* Collected material *
▶
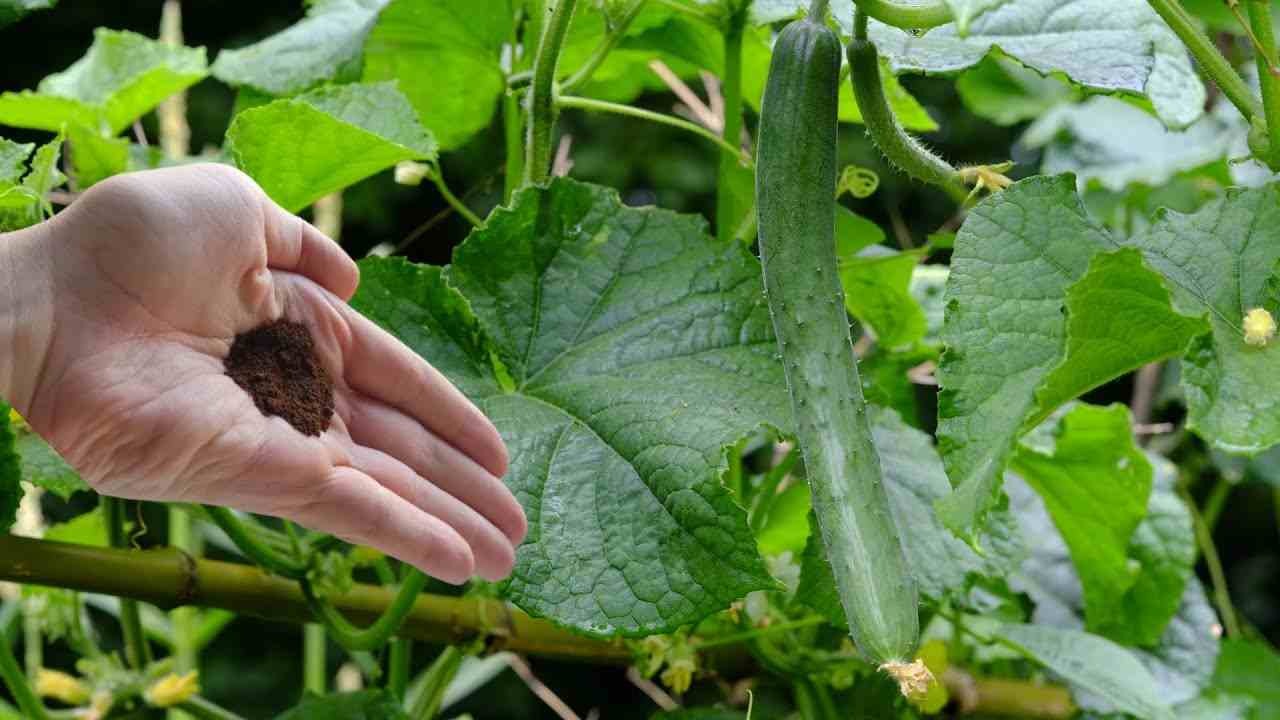 Cucumber plant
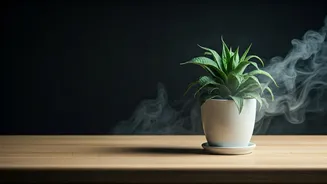 8 Habits Stealing Your Inner Peace: Reclaim Your Calm Today!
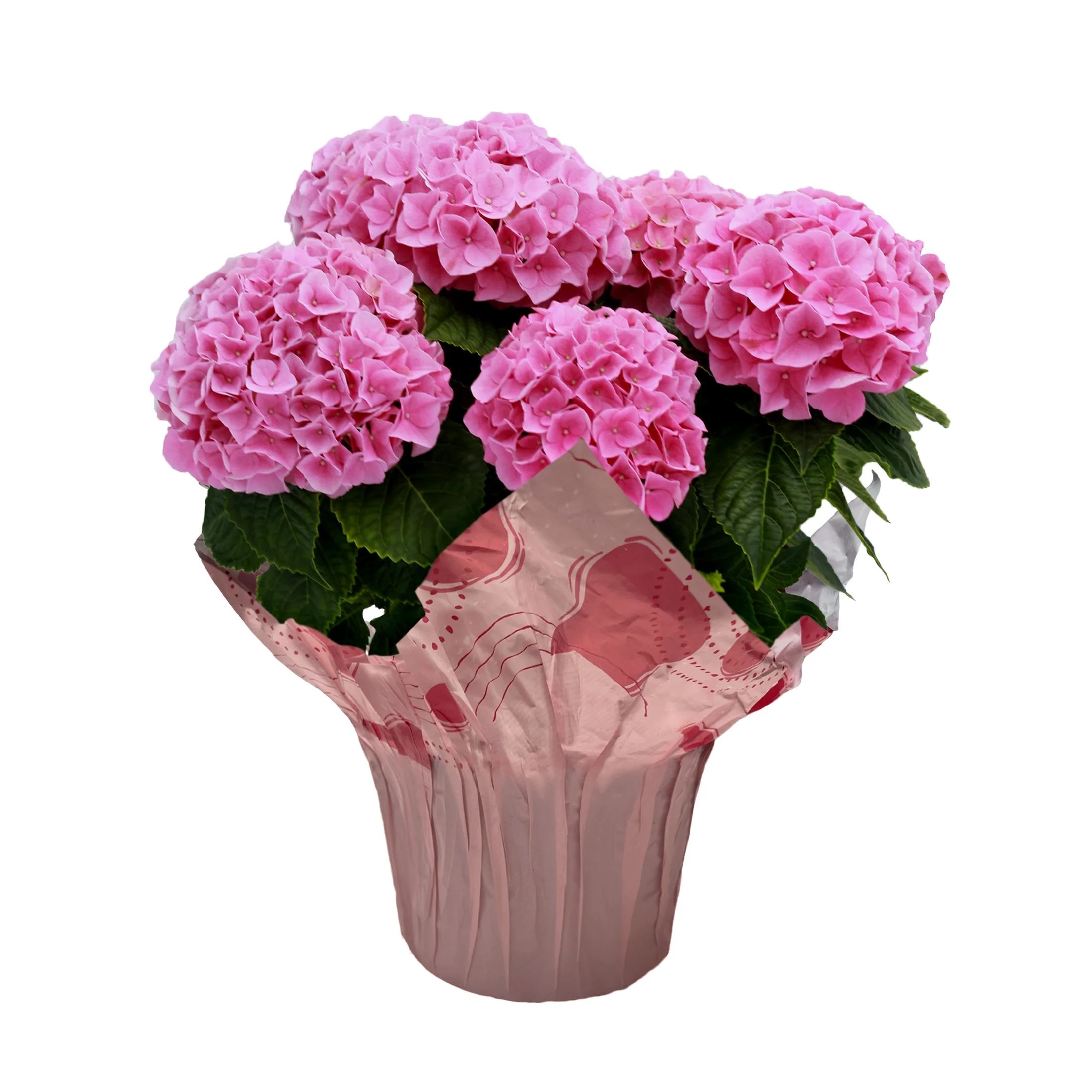 Better Homes & Gardens 6.5-Inch Assorted Mother's Day Hydrangea Live Plant with Decorative Pot - ... | Walmart (US)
◀
* What to work on *
Every line above is to be duplicated exactly; no picture should be carried over.

* Task output *
 Cucumber plant
 8 Habits Stealing Your Inner Peace: Reclaim Your Calm Today!
 Better Homes & Gardens 6.5-Inch Assorted Mother's Day Hydrangea Live Plant with Decorative Pot - ... | Walmart (US)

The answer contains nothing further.